DATA FOR THIS TASK:
—————

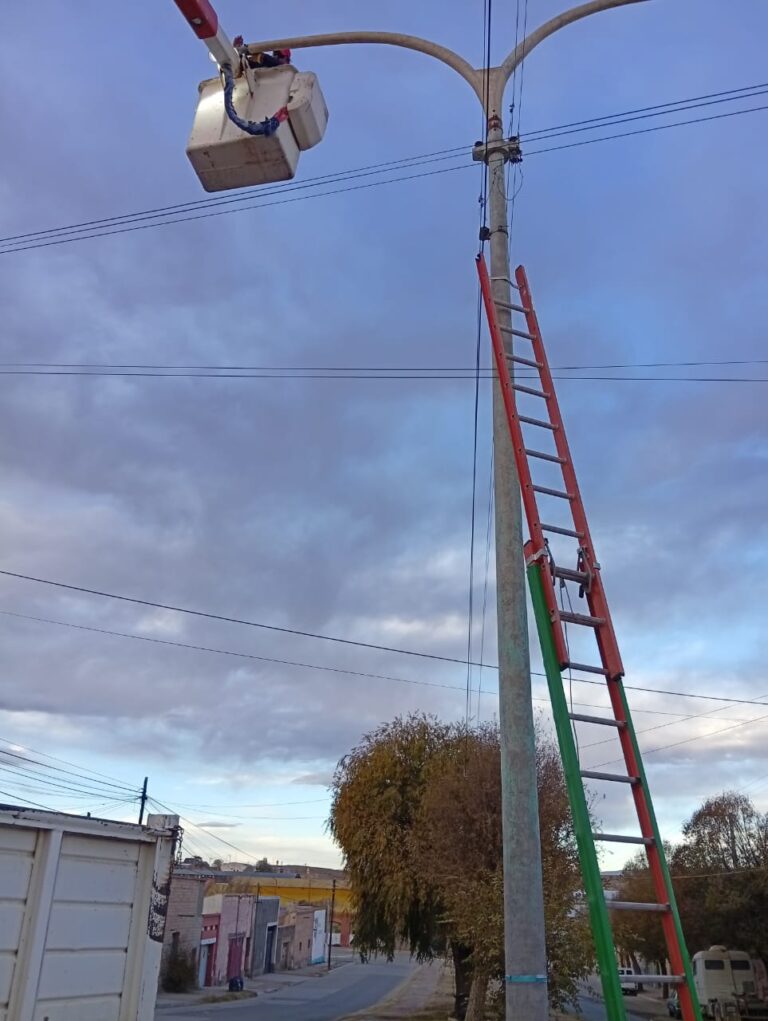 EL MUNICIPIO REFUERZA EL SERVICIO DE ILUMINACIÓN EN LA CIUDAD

—————

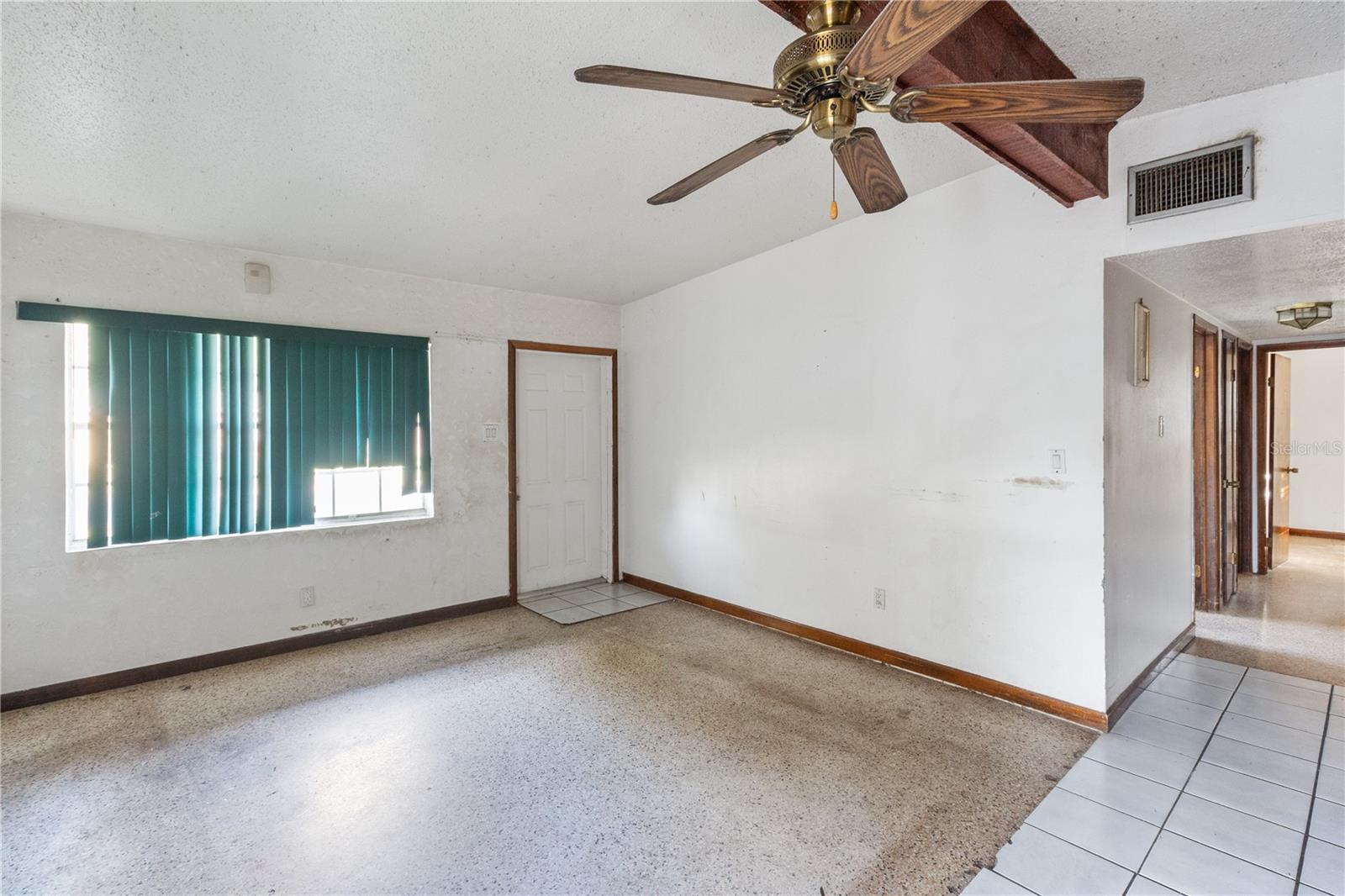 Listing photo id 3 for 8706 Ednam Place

—————

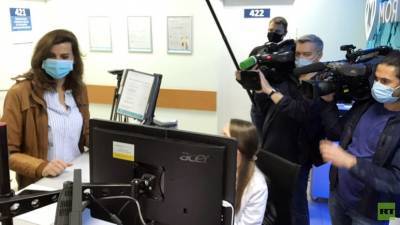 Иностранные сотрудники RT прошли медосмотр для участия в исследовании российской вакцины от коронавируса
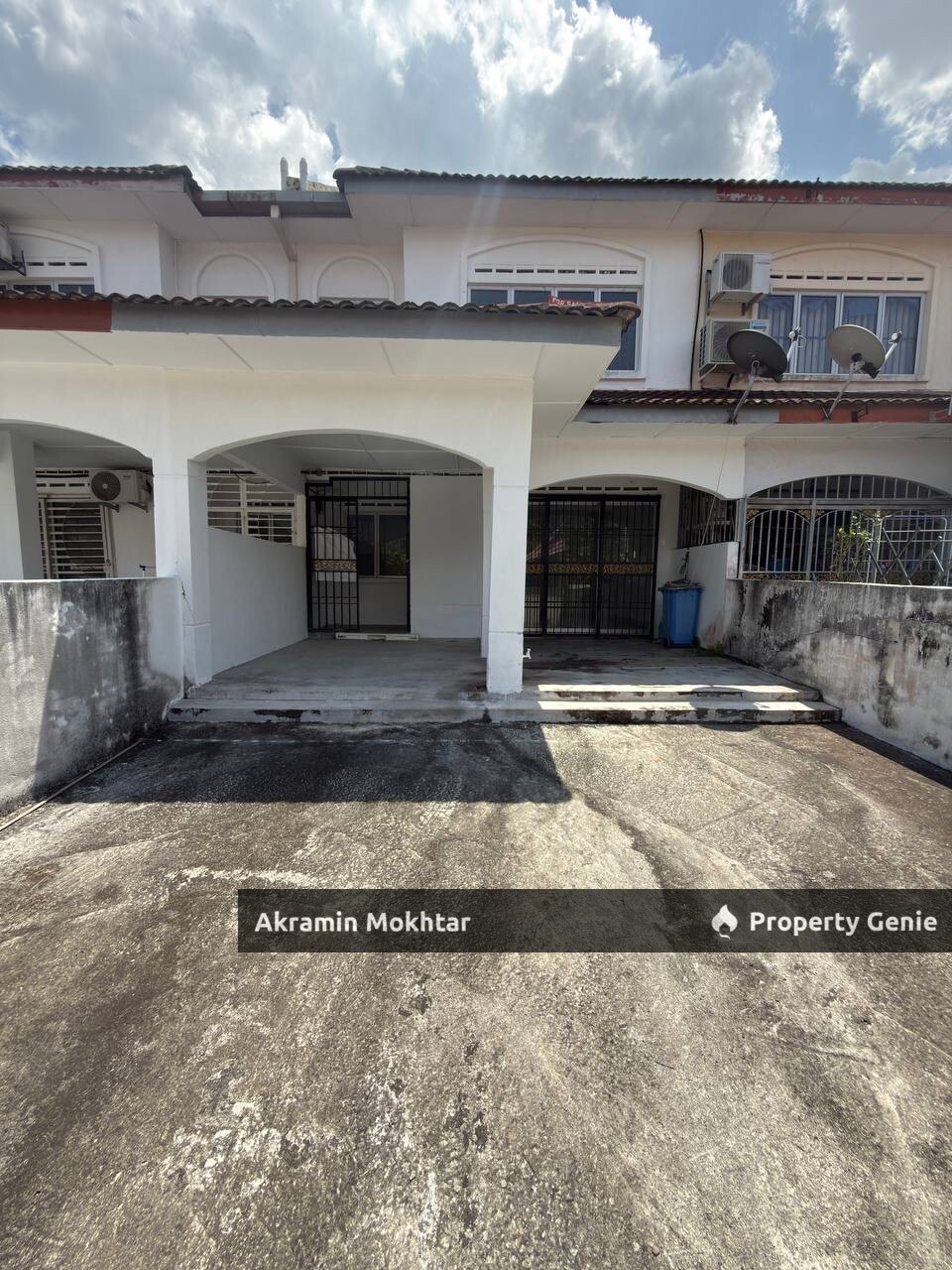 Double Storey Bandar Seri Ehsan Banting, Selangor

—————

DESCRIPTION OF THE TASK: Quote the lines above exactly, starting with the one that has "Иностранные сотрудники RT" and ending with the one that has "Double Storey Bandar"; drop the pictures and include nothing else.

WRITTEN RESPONSE:
 Иностранные сотрудники RT прошли медосмотр для участия в исследовании российской вакцины от коронавируса
 Double Storey Bandar Seri Ehsan Banting, Selangor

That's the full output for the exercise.